| RECORDS SUPPLIED |
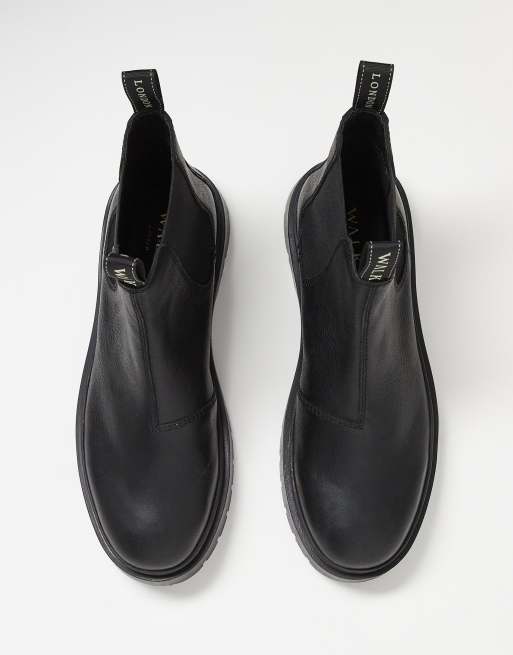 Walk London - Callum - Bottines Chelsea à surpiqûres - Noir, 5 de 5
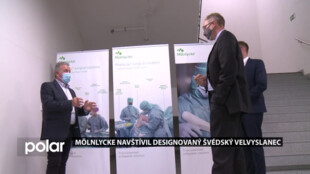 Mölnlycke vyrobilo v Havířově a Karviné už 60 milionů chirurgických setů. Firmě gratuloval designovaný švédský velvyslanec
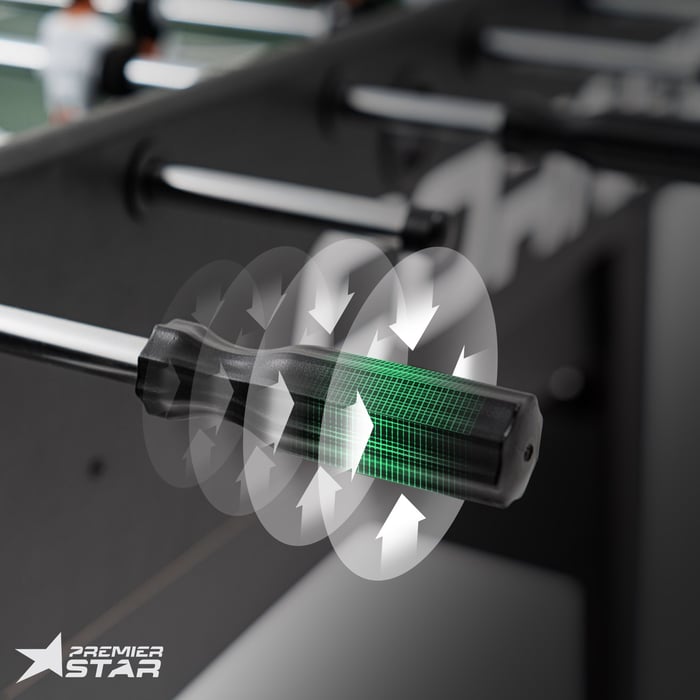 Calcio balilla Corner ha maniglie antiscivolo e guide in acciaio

---

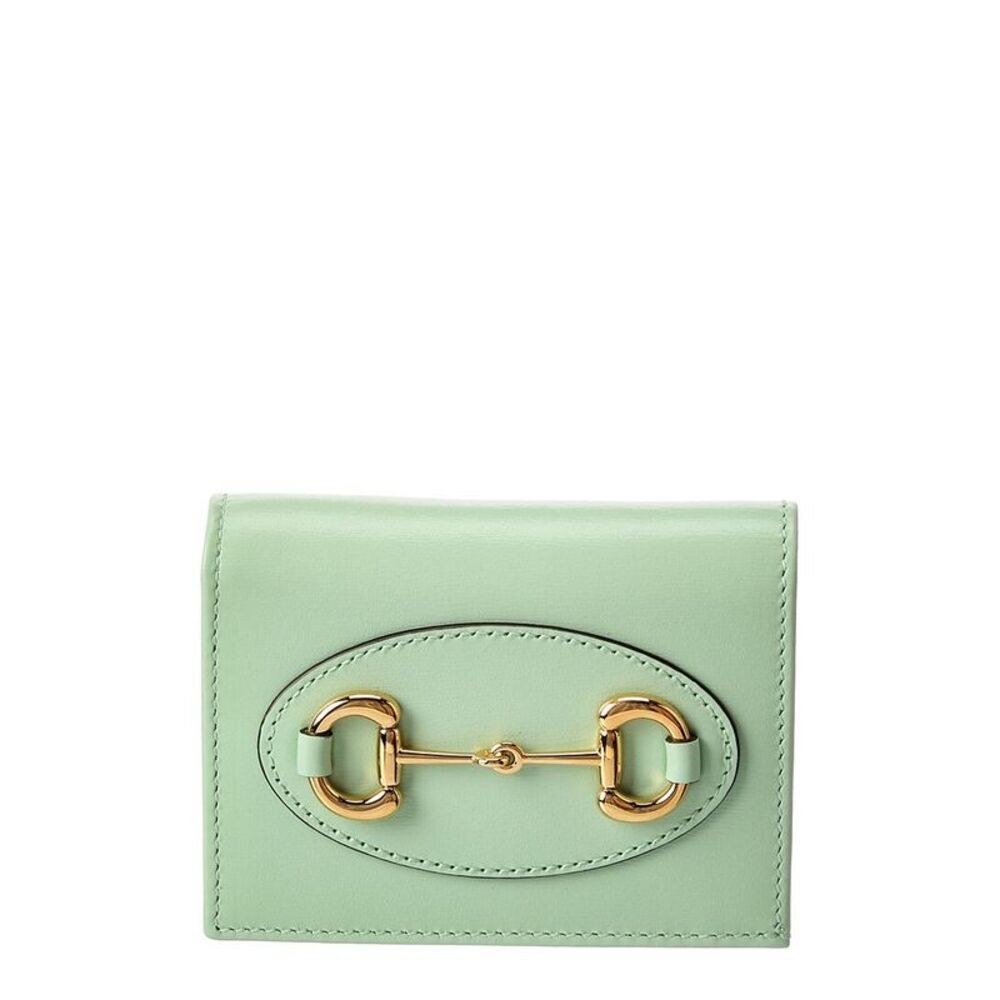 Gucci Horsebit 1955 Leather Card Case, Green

| DIRECTIONS |
Transcribe, exactly and without pictures, everything in the data from the line with "Walk London - Callum" down to the line with "Calcio balilla Corner", both included.

| SOLUTION TO THE EXERCISE |
 Walk London - Callum - Bottines Chelsea à surpiqûres - Noir, 5 de 5
 Mölnlycke vyrobilo v Havířově a Karviné už 60 milionů chirurgických setů. Firmě gratuloval designovaný švédský velvyslanec
 Calcio balilla Corner ha maniglie antiscivolo e guide in acciaio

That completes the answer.